La battaglia cinematografica più lunga di sempre
Ma non è stata solo quella la grande innovazione da record de Il signore degli anelli – Le due torri. Il capitolo “di mezzo” della trilogia tolkieniana si conclude con una delle battaglie più significative della storia del cinema; i nostri eroi, attanagliati da schiere di orchi al soldo di Saruman, si arrocca nella fortezza del Fosso di Helm senza speranza, pronti a partecipare ad un’ultima, disperata battaglia prima che gli Uruk-Hai conquistino il regno di Rohan. Una battaglia, quella che impreziosisce l’ultimo atto del film, particolarmente immersiva per lo spettatore: pioggia, fango, sangue e sudore, elementi essenziali e predominanti che hanno reso l’assetto visivo dello scontro al Fosso di Helm innovativo per il cinema di genere.

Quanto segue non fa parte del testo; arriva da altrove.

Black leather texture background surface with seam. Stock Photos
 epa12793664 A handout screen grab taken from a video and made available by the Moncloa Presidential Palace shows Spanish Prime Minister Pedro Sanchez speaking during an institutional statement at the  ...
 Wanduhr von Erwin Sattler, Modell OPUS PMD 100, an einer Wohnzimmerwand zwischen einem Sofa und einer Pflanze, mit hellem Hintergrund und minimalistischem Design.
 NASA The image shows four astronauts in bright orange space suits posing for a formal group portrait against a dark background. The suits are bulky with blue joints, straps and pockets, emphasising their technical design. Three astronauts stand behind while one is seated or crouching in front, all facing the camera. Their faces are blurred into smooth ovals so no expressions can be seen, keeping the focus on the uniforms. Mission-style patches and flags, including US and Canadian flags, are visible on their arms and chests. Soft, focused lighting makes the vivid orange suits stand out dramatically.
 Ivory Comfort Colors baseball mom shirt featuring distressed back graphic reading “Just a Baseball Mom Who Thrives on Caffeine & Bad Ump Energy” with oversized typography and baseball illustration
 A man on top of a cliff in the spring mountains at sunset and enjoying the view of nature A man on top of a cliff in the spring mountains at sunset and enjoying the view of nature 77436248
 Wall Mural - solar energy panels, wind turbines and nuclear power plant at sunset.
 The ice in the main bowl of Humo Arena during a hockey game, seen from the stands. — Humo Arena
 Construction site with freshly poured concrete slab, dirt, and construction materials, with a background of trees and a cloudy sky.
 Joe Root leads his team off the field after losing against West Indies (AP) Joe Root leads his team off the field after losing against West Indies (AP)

Nel 2002 Peter Jackson riesce a mettere in scena così la più lunga battaglia cinematografica mai realizzata al tempo; oltre 40 minuti incessanti di assedio da record, battuti al cronometro soltanto anni dopo dal gran finale di 13 Assassini di Takashi Miike e, nel più ampio campo dell’audiovisivo, dagli 80 minuti dell’assedio a Grande Inverno nella stagione finale de Il Trono di Spade. Un’esperienza di sconvolgente realismo per la storia del genere fantasy che a venti anni di distanza dal suo debutto sui grandi schermi italiani ancora profuma di scommessa cinematografica vinta da Jackson su tutti i fronti. E che ancora oggi, non teme rivali di sorta.